Businesses in the West Midlands are being neglected by a Government quango set up to boost the region’s economy, a Commons inquiry has been warned.
Regional Development Agencies such as Advantage West Midlands are being forced to take on extra responsibilities instead of focusing on supporting industry, the Commons Business and Enterprise Committee heard.
The British Chambers of Commerce, which represents employers across the country, also warned there was no mechanism for holding the agencies to account when they failed to deliver.
Bromsgrove MP Julie Kirkbride warned agencies such as Advantage West Midlands, which spends £300 million of taxpayers’ money each year, had become sprawling “mini-empires” accountable to nobody.
The committee, chaired by Peter Luff (Con Mid Worcestershire) is conducting an investigation into the work of the agencies, which were created by Labour to boost regional economies.
Their role has expanded, and a strategy published by AWM last December covered a range of issues including transport, cutting carbon emissions to tackle climate change, and reducing “economic exclusion”, or people living off benefits, in deprived areas.
Advantage West Midlands officials argue that these are all important factors in creating a thriving economy.
But business leaders called for a firmer focus on the needs of industry, as they gave evidence to the committee.
Chris Hannant, Head of Policy for the British Chambers of Commerce, said: “One of our concerns is that what we have now is quite a long way from the original model.
“They acquire a whole range of non-economic responsibilities to deliver Government policies, because they happen to be something that can deliver policy below the national level.”
The Government wanted some policies to be delivered on a regional basis and had given regional development agencies more responsibilities as a result, he said.
Mr Hannant also warned there was no way of forcing regional development agencies to improve when they failed to perform effectively.

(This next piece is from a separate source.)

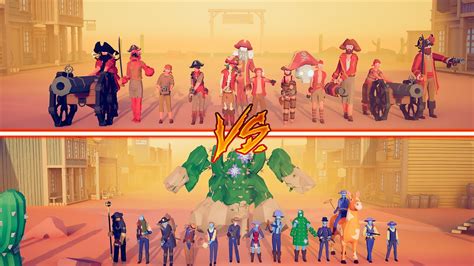 Mega Wild West Vs Mega Pirate Team Totally Accurate Battle Simulator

He said: “Where their performance is below what it should be, there is no real mechanism to pull them up by their bootsraps.”
Karen Dee, Head of Infrastructure with the CBI, said Regional Development Agencies should be allowed to concentrate on supporting local economies but they were being given new functions by central government.
“What would help is things like making sure they focus on what they are intended to deliver, and not trying to do too much or spread themselves too thinly.”
The concern was echoed by Worcestershire MP Julie Kirkbride (Con Bromsgrove), a member of the committee, who commented: “In the past 10 years they have evolved into mini-empires.”
Ms Dee also warned that the agencies tended to be successful when they covered an area with a distinct regional identity, such as the North-east.
And she called for RDAs to work together, warning that many businesses operated on a national rather than a regional level.
She said: “Often companies are big, they see themselves as national, they don’t see themselves as regional.”
But Steve Radley, of the Engineering Employers Federation, warned that regional assemblies played an important role.
He said: “This is probably the best available strategy we have got so far.
“It is closer to the customer than a national delivery body, but you have the critical mass that you wouldn’t get at a local level.”
Officials in Advantage West Midlands have themselves privately complained that the Government is giving them increasing responsibilities which move them away from their original mission of supporting industry.
But they also insist that economic development covers a range of topics. One said: “You need to have the people to work in the jobs, and the roads to get them there.”